Tim,
Hmm... this might just work because I could actually perform myrandfunc() <
.2 and then do a LIMIT on it for 10% or what not. That would almost
gurantee the exact amount of rows.
-----------------
Nathan Barnett
-----Original Message-----
From: keitt@ulysses.nceas.ucsb.edu
[mailto:keitt@ulysses.nceas.ucsb.edu]On Behalf Of Timothy H. Keitt
Sent: Monday, July 24, 2000 3:41 PM
To: Nathan Barnett
Subject: Re: [GENERAL] Statistical Analysis
You would need to add a pseudorandom number function to postgresql. If
your function returns numbers on [0, 1), then you could do:
select * from mytable where myrandfunc() < 0.1;
and get back (asymtotically) 10% of the rows. If you want exactly n
randomly chosen rows, its a bit more expensive computationally.
Another more involved approach would be to implement random cursors.
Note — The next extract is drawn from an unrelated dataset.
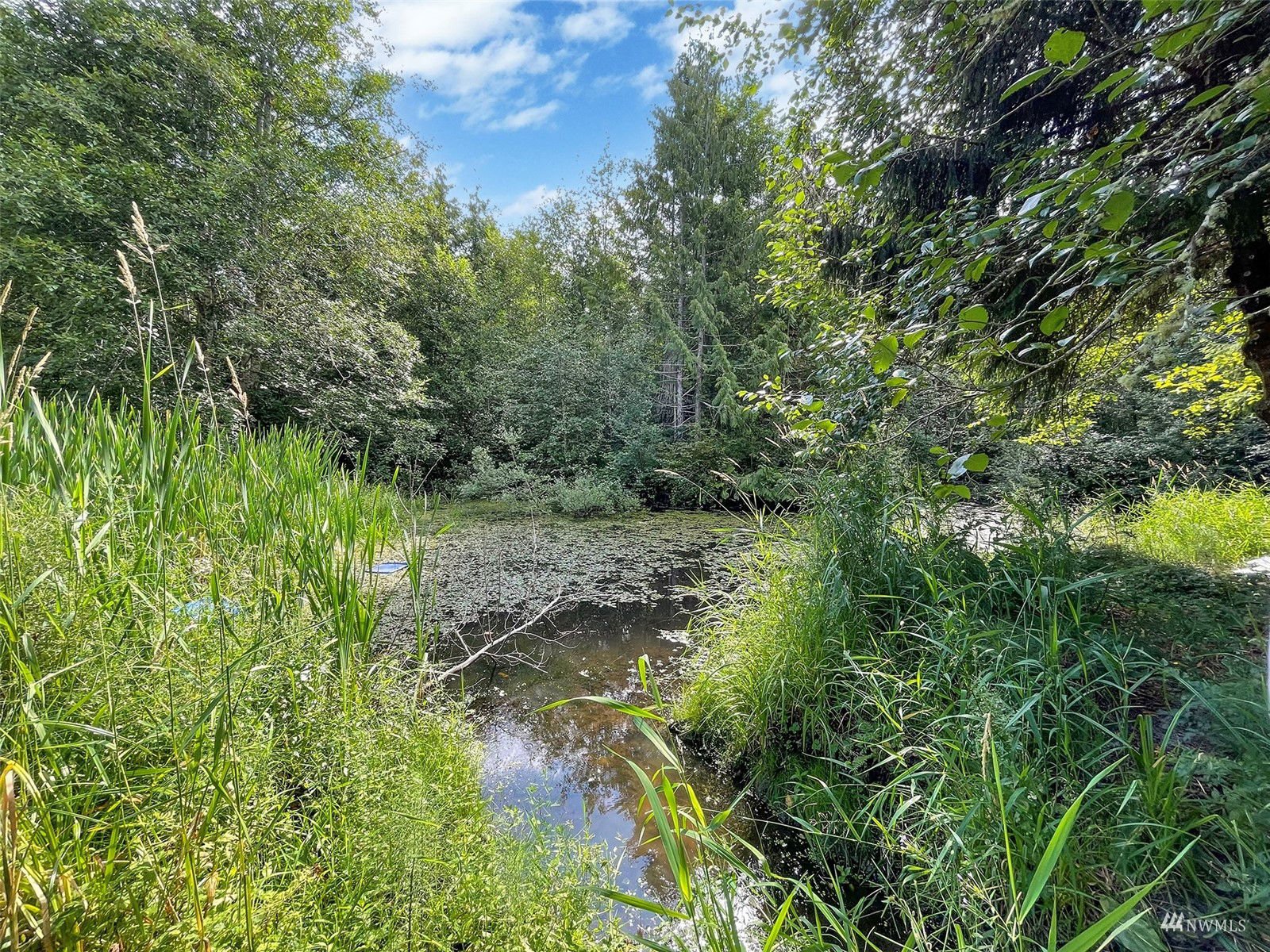 2423 Eden Valley Road, Port Angeles MLS 1981854 Skyline Properties, Inc. Newest Eden Listings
This would be great for bootstrapping analysis.
Tim
Nathan Barnett wrote:
>
> I am having to perform a large data analysis query fairly frequently and
the
> execution time is not exceptable, so I was looking at doing a statictical
> sample of the data to get fairly accurate results. Is there a way to
> perform a query on a set number of random rows instead of the whole
dataset?
> I have looked through the documentation for a function that would do this,
> but I have not seen any. If this is a RTFM type question, then feel free
to
> tell me so and point me in the right direction because I just haven't been
> able to find any info on it.
>
> Thanks ahead of time.
>
> ---------------
> Nathan Barnett
--
Timothy H. Keitt
National Center for Ecological Analysis and Synthesis
735 State Street, Suite 300, Santa Barbara, CA 93101
Phone: 805-892-2519, FAX: 805-892-2510
http://www.nceas.ucsb.edu/~keitt/